Its mission is to protect a representative sample of the clay belt of the Abitibi-Témiscamingue region and the Abijévis hills.
The park includes a watershed line and thus extends over two watersheds: the basin of the Hudson Bay and that of the Atlantic. There are traces of ancient volcanic activity and several lakes on the faults. It is managed by the Quebec government by the Société des établissements de plein air du Québec (Society of outdoor facilities in Quebec) (SÉPAQ).
The park contains among other features the Abijévis hills, including Mount Dominant which is the highest summit of Abitibi (570m). The hills cover about two-thirds of the park. There is a fault that runs through much of the territory from Lake Lois to Lake La Haie.
The park is located on old geological formations of more than 2.7 billion years making it very much pre-Cambrian. It is composed mainly of pillow basalt formations that were formed at the bottom of the ocean. These formations are part of the larger group of Kinojévis in Superior Craton.
The park is situated on the borderline between the watersheds of Hudson Bay and the Atlantic Ocean. This line from the northwest corner to the middle of the eastern border. Nearly three quarters of the water is drained into the Saint Lawrence river. There are more than 80 lakes. The principal lakes are Aiguebelle and Lake Lois to the north, and Lake Sault and Lake La Haie located in the area of faults. There is also Lake Matissard lake on the southern edge of the park. The Kinojévis river passes near this latter lake.
It was in 1945 that the Government of Quebec found, following the settlement of the Abitibi-Témiscamingue region, a lack of space for wildlife in the region. It thus chose the canton of Aiguebelle to create a reserve for hunting and fishing because of the poor quality of the land in that area. In 1976, it opened up camping and hiking trails in the area. In 1980 the status of the reserve was changed to a wildlife reserve. In 1985, this reserve was divided into two to create the Conservation Park of Aiguebelle with an area of 241.7 km2. Following public consultation in 1998, the wildlife reserve was abolished, and the park was expanded to its current area. It was only in 2001 that the status of the park was changed to a national park, following an amendment to the Parks Act.

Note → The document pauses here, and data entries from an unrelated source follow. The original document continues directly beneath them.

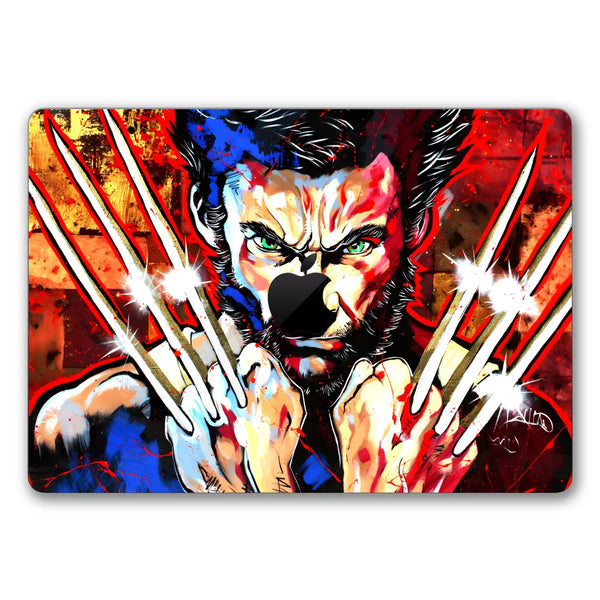 MacBook Laptop Skin - Wolverine X-Men Face Pop Art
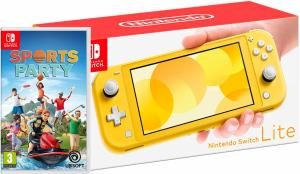 Nintendo Switch Lite Yellow + Sports Party Thumbnail 0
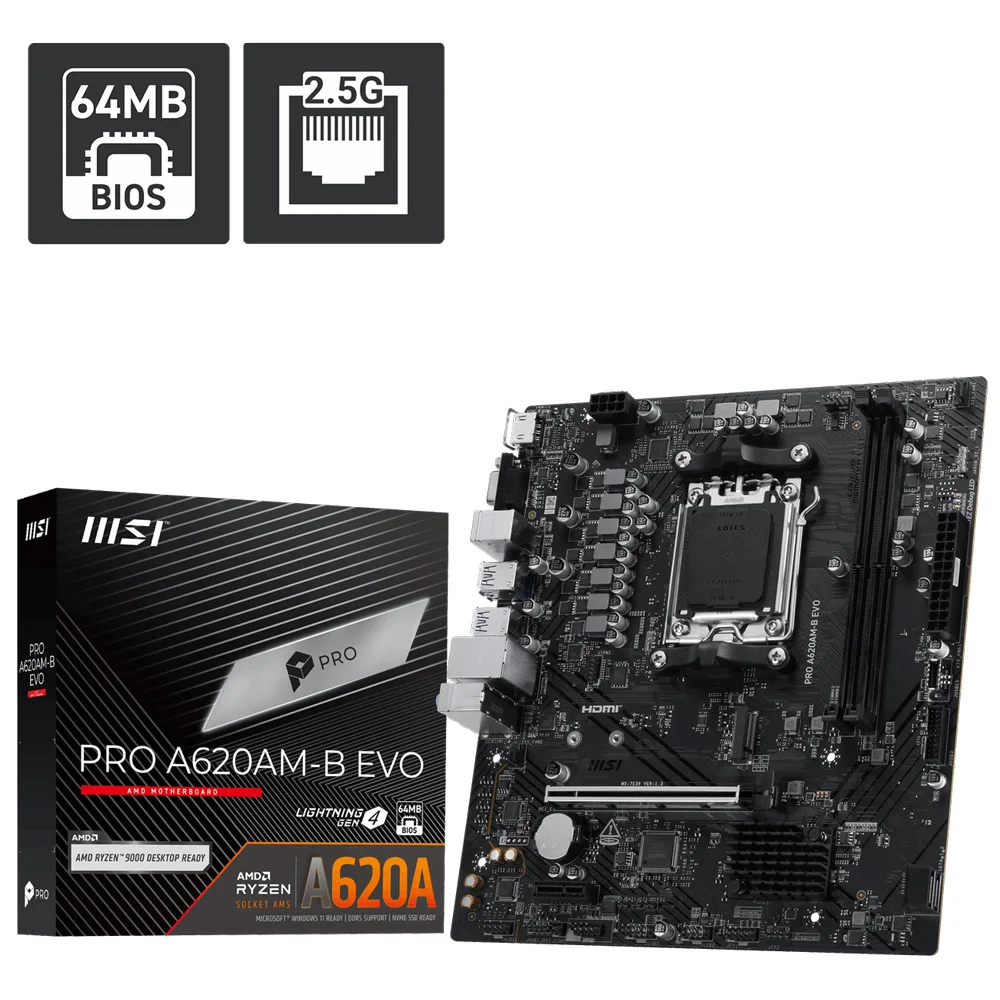 MSI MB PRO A620AM-B EVO AM5 DDR5 6800(OC)
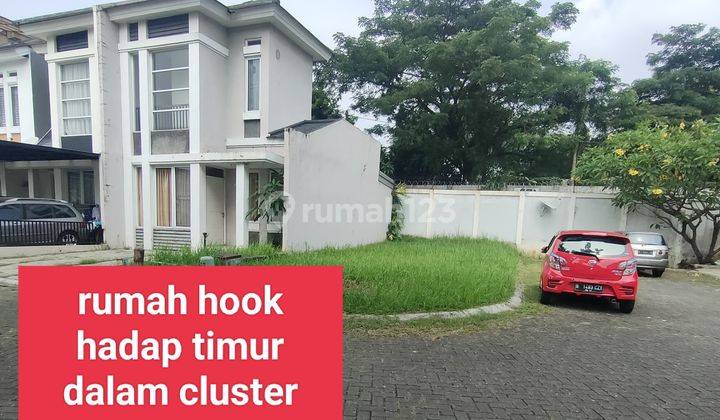 Rumah 2 Lantai hook hadap Timur SHM dalam cluster modernland  1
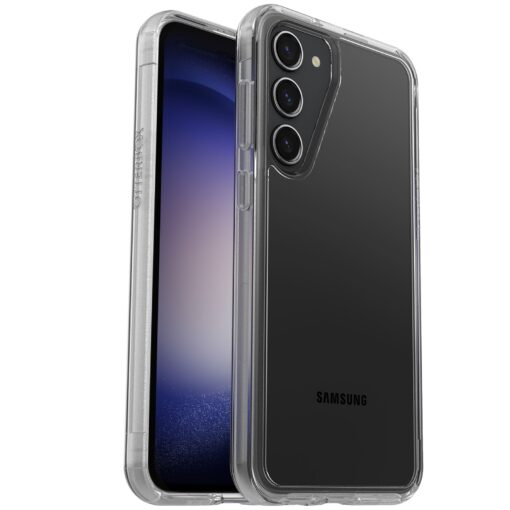 OtterBox Symmetry Clear Samsung Galaxy S23+ 5G (6.6") Case Clear - (77-91192), Antimicrobial, DROP+ 3X Military Standard, Raised Edges, Ultra-Sleek - Image 2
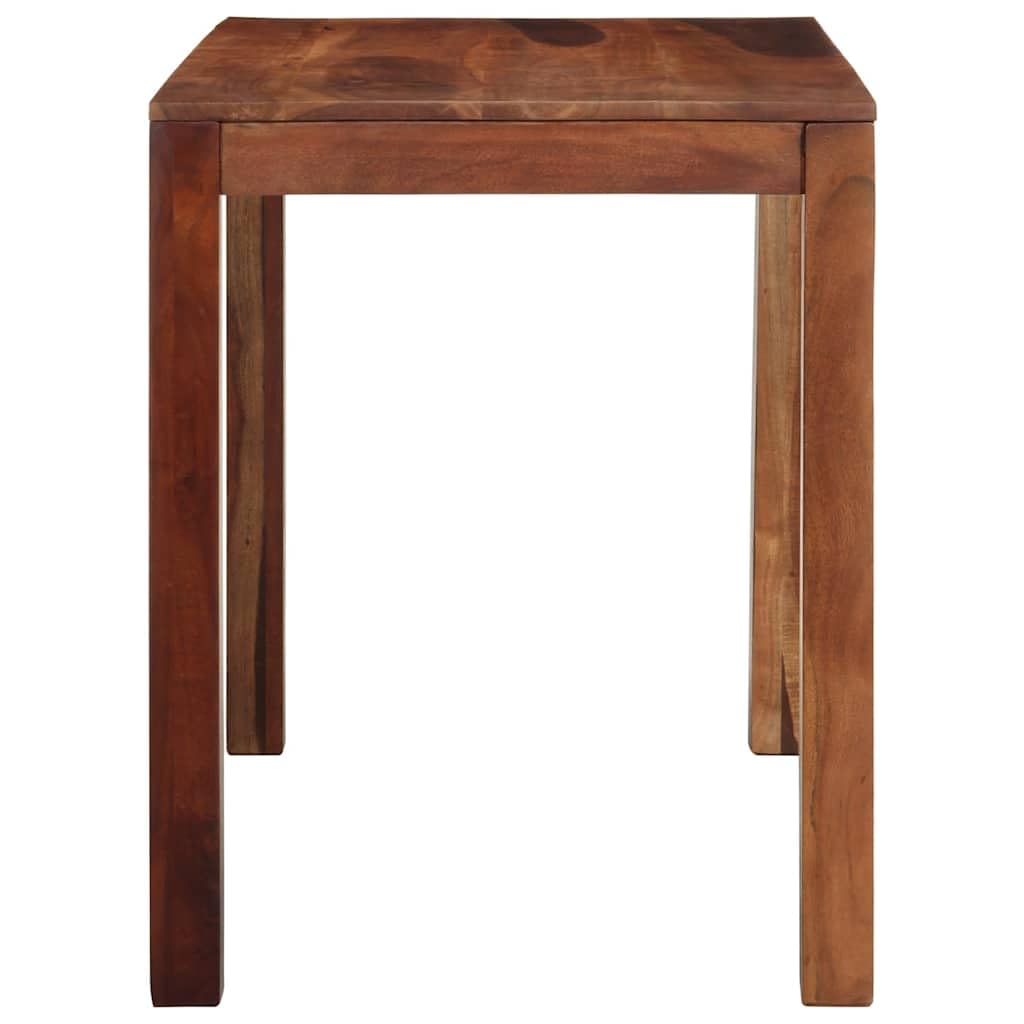 Tavolo da Pranzo 120x60x76 cm in Legno Massello di Acacia | Mobile rettangolare in legno di acacia con finitura ambra per sala da pranzo e cucina, ideale per 4 persone.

The name of the park is the name of the canton, which commemorates Charles Névair Aiguebelle, the captain of grenadiers of the Regiment of Languedoc, who distinguished himself by his bravery during the Battle of Sainte-Foy on 28 April 1760. The name of the canton is a continuation of the theme of the French military of the Seven Years' War in America which prevails in Abitibi.
The park is located in the Boreal forest of Canada which is also known as taiga. There are several common tree species such as White birch, Black Spruce, balsam poplar, American aspen, Jack Pine, American Larch, and balsam fir. Also found in the park are lowland species of the Saint Lawrence and the Great Lakes, such as yellow birch, black ash, and Eastern white pine.
The Aiguebelle National Park features 55 species of mammals from Abitibi-Témiscamingue, including the Moose (Alces alces), the North American beaver (Castor canadensis), the Gray wolf (Canis lupus), the Canada lynx (Lynx canadensis), the Muskrat (Ondatra zibethicus), the North American river otter (Lontra canadensis), the American mink (Mustela vison), the Least weasel (Mustela nivalis), the American black bear (Ursus americanus), the North American porcupine (Erethizon dorsatum), and the American marten (Martes americana). The birdlife of the park has 150 species of birds including twenty species of New World warblers.